ラ・ストラヴァガンツァ・ケルンという楽隊にあまり馴染みがなく、しかも日本人ソリストとの組み合わせで今から30年も前の音源がある、ということに興味をそそられた亭主、楽隊名でグーグル検索をかけたところ、CD発売元の日本コロンビアが運営するウェブサイト中の「この1枚」というメルマガのアーカイブサイトがヒット。その中の78番目の記事として「ラ・ストラヴァガンツァ・ケルン(有田正広:独奏)/J.S. バッハ:管弦楽組曲全集」が世に出るまでの詳しい経緯が紹介されているのに遭遇しました。

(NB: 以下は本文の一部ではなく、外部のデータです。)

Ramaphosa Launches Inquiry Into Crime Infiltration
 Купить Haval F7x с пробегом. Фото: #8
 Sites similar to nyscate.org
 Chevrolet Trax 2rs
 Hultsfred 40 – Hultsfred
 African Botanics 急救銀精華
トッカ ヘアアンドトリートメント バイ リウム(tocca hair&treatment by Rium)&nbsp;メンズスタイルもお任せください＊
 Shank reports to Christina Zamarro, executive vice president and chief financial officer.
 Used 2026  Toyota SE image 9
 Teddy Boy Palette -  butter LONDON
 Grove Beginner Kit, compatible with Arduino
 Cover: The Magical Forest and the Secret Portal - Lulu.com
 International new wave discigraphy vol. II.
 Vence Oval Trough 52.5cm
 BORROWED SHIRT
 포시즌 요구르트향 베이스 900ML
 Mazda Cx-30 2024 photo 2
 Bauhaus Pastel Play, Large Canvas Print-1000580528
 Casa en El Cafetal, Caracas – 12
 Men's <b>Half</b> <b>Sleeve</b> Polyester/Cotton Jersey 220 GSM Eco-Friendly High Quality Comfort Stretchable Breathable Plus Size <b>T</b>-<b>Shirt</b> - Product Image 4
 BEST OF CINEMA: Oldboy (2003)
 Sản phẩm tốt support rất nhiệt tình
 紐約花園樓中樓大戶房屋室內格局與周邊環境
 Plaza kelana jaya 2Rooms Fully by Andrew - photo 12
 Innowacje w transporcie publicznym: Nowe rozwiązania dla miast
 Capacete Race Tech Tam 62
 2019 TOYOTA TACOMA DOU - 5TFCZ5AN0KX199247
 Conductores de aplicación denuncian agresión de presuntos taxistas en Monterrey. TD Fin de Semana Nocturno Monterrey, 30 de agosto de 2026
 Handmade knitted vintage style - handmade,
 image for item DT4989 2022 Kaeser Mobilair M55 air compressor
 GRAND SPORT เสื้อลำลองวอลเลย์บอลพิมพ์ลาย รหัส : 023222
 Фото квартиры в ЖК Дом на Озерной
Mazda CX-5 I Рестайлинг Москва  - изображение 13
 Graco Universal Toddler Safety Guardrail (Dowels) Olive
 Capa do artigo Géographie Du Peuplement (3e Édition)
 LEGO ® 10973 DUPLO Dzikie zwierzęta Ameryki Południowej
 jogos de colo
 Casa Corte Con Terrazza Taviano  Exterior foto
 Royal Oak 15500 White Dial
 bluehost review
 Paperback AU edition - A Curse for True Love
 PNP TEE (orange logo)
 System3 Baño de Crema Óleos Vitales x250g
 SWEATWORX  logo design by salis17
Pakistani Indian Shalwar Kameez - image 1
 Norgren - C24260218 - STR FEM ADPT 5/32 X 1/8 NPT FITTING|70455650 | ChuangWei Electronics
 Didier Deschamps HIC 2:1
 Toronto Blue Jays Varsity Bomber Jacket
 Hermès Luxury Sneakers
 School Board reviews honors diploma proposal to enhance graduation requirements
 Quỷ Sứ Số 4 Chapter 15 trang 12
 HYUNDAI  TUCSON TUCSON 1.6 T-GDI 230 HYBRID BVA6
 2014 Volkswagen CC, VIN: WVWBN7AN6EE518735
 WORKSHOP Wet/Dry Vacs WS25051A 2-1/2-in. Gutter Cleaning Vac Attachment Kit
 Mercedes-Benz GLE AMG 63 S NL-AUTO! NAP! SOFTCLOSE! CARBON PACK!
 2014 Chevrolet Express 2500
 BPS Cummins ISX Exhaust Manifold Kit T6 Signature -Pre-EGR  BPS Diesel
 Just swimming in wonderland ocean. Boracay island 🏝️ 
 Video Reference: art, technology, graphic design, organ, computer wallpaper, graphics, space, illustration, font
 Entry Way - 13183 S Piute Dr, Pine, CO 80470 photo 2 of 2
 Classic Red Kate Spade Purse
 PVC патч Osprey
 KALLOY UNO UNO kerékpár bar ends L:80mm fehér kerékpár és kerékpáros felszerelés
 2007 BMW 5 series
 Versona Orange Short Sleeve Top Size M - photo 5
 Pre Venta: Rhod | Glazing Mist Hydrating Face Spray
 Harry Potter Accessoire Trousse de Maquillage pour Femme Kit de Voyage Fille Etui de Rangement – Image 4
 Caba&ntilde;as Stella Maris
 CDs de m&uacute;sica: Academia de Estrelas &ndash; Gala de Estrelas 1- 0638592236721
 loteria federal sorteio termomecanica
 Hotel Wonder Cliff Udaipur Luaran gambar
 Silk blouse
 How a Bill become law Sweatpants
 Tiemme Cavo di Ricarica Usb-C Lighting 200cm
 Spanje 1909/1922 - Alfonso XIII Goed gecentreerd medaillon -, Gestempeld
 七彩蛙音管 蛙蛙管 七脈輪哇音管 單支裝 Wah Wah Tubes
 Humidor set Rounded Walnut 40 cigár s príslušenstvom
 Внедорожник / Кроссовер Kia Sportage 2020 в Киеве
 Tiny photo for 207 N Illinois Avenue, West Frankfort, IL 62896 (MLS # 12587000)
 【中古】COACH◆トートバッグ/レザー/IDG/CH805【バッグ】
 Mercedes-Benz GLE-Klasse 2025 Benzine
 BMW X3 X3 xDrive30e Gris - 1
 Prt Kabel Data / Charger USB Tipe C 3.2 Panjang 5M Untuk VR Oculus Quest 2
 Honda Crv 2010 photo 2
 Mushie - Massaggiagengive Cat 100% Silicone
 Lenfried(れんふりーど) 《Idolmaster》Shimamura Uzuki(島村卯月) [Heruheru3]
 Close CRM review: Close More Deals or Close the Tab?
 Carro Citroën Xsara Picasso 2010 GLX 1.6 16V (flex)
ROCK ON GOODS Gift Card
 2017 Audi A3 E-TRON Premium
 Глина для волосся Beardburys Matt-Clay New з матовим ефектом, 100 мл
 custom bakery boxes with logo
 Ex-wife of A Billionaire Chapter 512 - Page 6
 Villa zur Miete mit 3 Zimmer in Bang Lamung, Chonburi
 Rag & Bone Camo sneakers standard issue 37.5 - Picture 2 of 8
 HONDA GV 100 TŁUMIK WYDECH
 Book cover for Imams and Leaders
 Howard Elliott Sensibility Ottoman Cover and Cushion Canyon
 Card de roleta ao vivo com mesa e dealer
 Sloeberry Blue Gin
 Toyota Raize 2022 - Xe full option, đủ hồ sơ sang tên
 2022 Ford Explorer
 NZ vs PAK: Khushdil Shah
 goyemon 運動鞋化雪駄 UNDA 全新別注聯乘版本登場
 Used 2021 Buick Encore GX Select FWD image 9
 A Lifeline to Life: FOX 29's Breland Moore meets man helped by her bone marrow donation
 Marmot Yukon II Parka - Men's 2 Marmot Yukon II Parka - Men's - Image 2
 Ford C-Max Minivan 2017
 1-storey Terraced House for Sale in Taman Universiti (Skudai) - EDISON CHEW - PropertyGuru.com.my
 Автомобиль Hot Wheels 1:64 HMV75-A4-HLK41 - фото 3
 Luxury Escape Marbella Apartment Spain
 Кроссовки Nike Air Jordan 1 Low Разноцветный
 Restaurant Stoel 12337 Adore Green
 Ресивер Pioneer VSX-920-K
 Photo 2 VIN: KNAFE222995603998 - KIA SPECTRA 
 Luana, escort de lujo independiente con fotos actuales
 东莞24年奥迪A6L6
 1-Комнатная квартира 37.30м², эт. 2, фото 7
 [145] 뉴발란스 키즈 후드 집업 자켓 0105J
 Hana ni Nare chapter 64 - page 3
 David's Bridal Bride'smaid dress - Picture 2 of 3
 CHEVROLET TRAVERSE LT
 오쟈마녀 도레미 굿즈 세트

件の記事の筆者は元日本コロンビアの久木崎秀樹(くきざき・ひでき)さんという方で、「この1枚」インデックスのページの末尾にある経歴紹介によると「1989年に始まった同社の古楽シリーズ『アリアーレ』の立ち上げに参画」とあります。他のメルマガ記事なども眺めると、久木崎さんはこれ以降も同シリーズが終了となる2010年ごろまで継続的に関わっておられたようです。1980年代後半以降といえば、ちょうどヘンデル・バッハ・スカルラッティ生誕300年の記念の年を機に古楽全体が盛り上がりを見せていた頃で、「この1枚」の記事中でも音盤業界から見た当時の興味深い裏話を読むことができました。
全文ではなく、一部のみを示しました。